Thursday night’s drone strike targeting Qassem Soleimani not only pulverized the murderous Iranian general. It may also have proved a fatal strike to former Vice President Joe Biden’s presidential hopes.

An irony cuts through the heart of the former vice president’s candidacy. He is running as a foreign policy guru; the former Senate Former Relations Committee chairman who knows the world and its leaders. “No member of Congress was more helpful and more knowledgeable about foreign and defense policy than Joe Biden,” Nick Burns, the former undersecretary of state and public backer of Mr. Biden, has said. Mr. Biden “knows world leaders personally, knows the issues and is in the best position to fix the damage [President] Trump has inflicted on U.S. international standing and influence,” added Tony Blinken, the Biden-supporting former deputy secretary of state.

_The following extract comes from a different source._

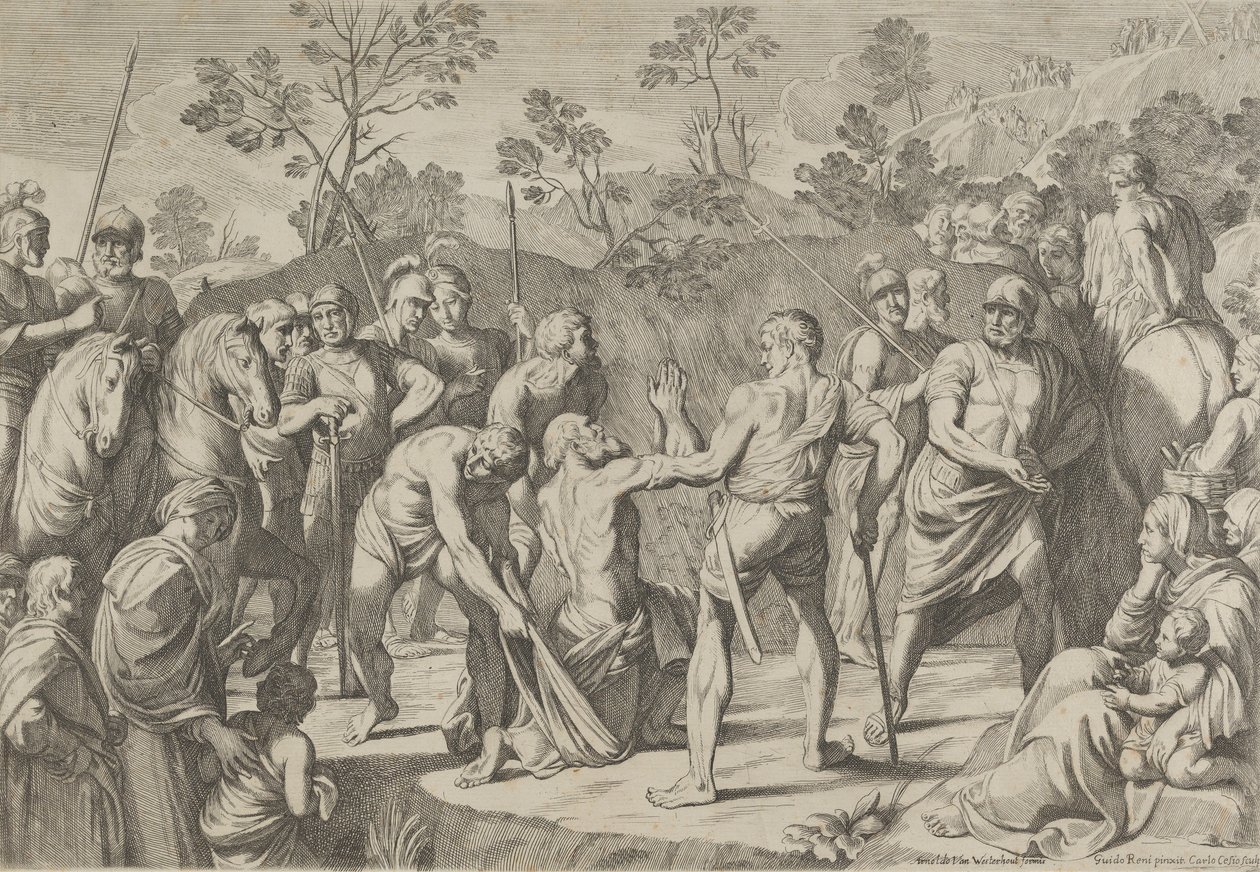 Pyhä Andreas polvistui rukouksessa, kun hänet johdetaan ristille Renin jälkeen, 1650-80. tekijältä Carlo Cesi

Of course, there was another big event in the early 21st century that “damaged America’s standing and influence” – the 2003 invasion of Iraq. Joe Biden supported it. That not only puts him at odds with vast majority of Democratic primary voters (and the American public at large) but also calls into question the very raison d’etre of his presidency. If Mr. Biden managed to get the biggest foreign policy call of his career wrong, then how much does his vast experience and his full Rolodex really matter? He may be “knowledgeable,” in the words of Nick Burns, but is he wise? Joe Biden running on his foreign policy record is tantamount to Richard Nixon mounting a campaign touting his stellar personal ethics.

The killing of Soleimani has raised fears among Democrats that the United States could be blundering towards a catastrophic war with Iran. That puts a premium on sincere anti-war candidates — not Joe Biden. Democrats have just such a candidate in the form of Vermont senator Bernie Sanders. Mr. Sanders is already surging; he just announced a massive fundraising haul and it is nipping at Mr. Biden’s heels in national polling. And he’ll certainly get a boost now that foreign wars in the Middle East are back in the political discussion.

Senator Sanders, whose political shrewdness is one of his underrated assets, clearly realizes this. As news of Soleimani’s demise broke, the Vermont senator quickly issued a pithy tweet: “I was right about Vietnam. I was right about Iraq. I will do everything in my power to prevent a war with Iran. I apologize to no one.” He didn’t need to add who was wrong.